I liked boys, but girls were pretty, that person who looked like a girl was pretty, and that girl with the short hair who dressed like a boy had something pretty foxy going on--I was so scared of everything.
It would take me years, long after you left, for me to realize that my sexual identity is fluid, and importantly--that it's okay.
It's okay, it's okay, it's okay.
Just keep repeating that, Ashlee.
It's okay, it's okay, it's okay.
I've apologized to you in my head and in my heart for years and years.
Sometimes I look you up, and i see that we both have partners, and we're both happy. Your happiness makes my spirit fly. You deserve every happiness, and on this special day, I've finally found the nerve to put into words everything I've been feeling these long years.

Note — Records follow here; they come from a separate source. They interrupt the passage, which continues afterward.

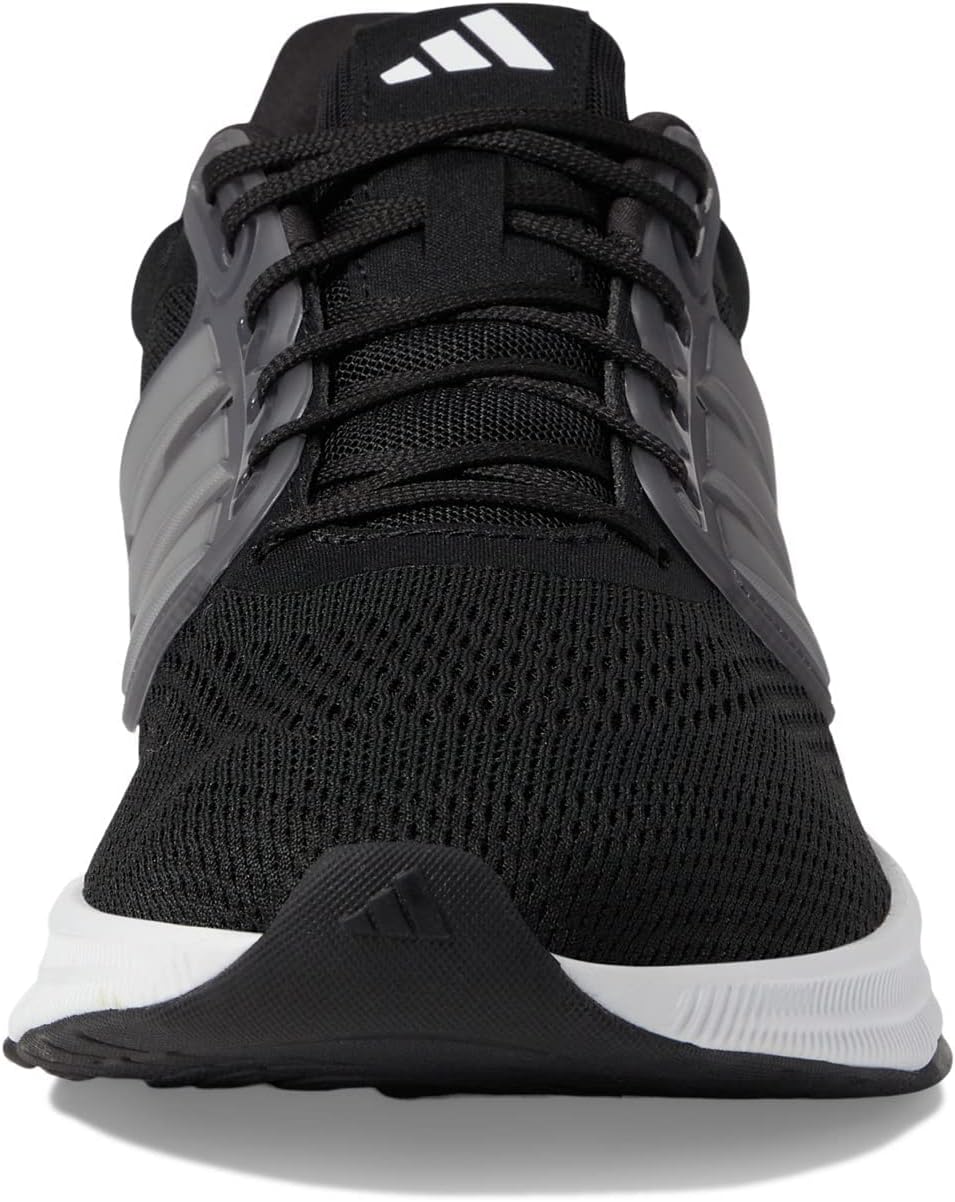 Мужские кроссовки для бега Adidas Ultrabounce, белый/черный — фото 4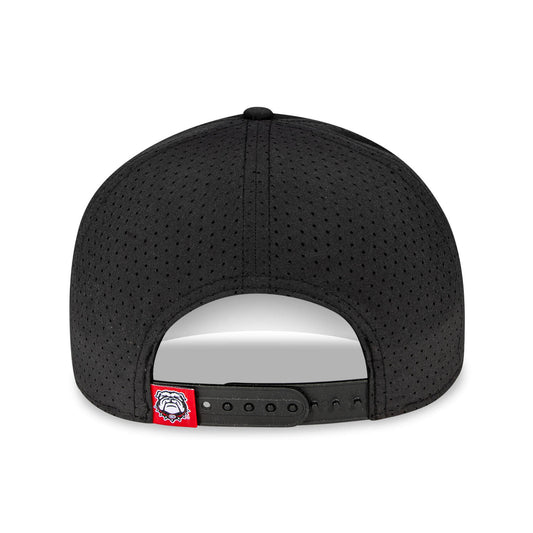 University of Georgia // Mid Crown Perforated Performance Hat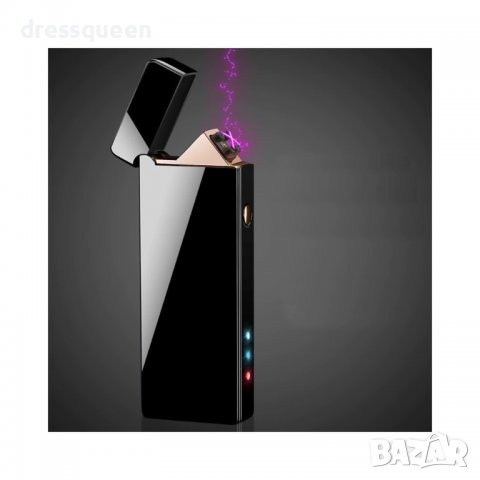 1801 Луксозна Usb Запалка с двойна волтова дъга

I am sorry that when you asked me why I would never introduce you as my girlfriend to my family and friends that I was a coward, and told you they would never accept us.
It was 2008. I was living at home, surrounded by everything and everyone against the idea of us, and I hadn't learned yet to be brave, to be me.
When you ended it, I respected you.
I respected that you knew you were worth more than what I could offer you at the time.
In the years we haven't spoken, my family became more tolerant, my circle of friends changed, and now I couldn't imagine life without the beautiful, accepting people I have in it.
I'm sorry.
I'm sorry that I wasn't strong enough then to create a world for us where we could be safe. I didn't want to be rejected. I was so angry, and tired, and disoriented. Things turned out wonderfully for us both, but I am still so very, very sorry that I hurt you so badly.
This is your day, this is our day.
Today we see the image of what we could have been reflected in the smiles of thousands and thousands of people lining up for marriage licenses as I write this right now. I am so happy my heart could burst.
I still love you, dear friend, dear girl, wonderful girl.
Congratulations, to our wonderful, wonderful memories, and their validity.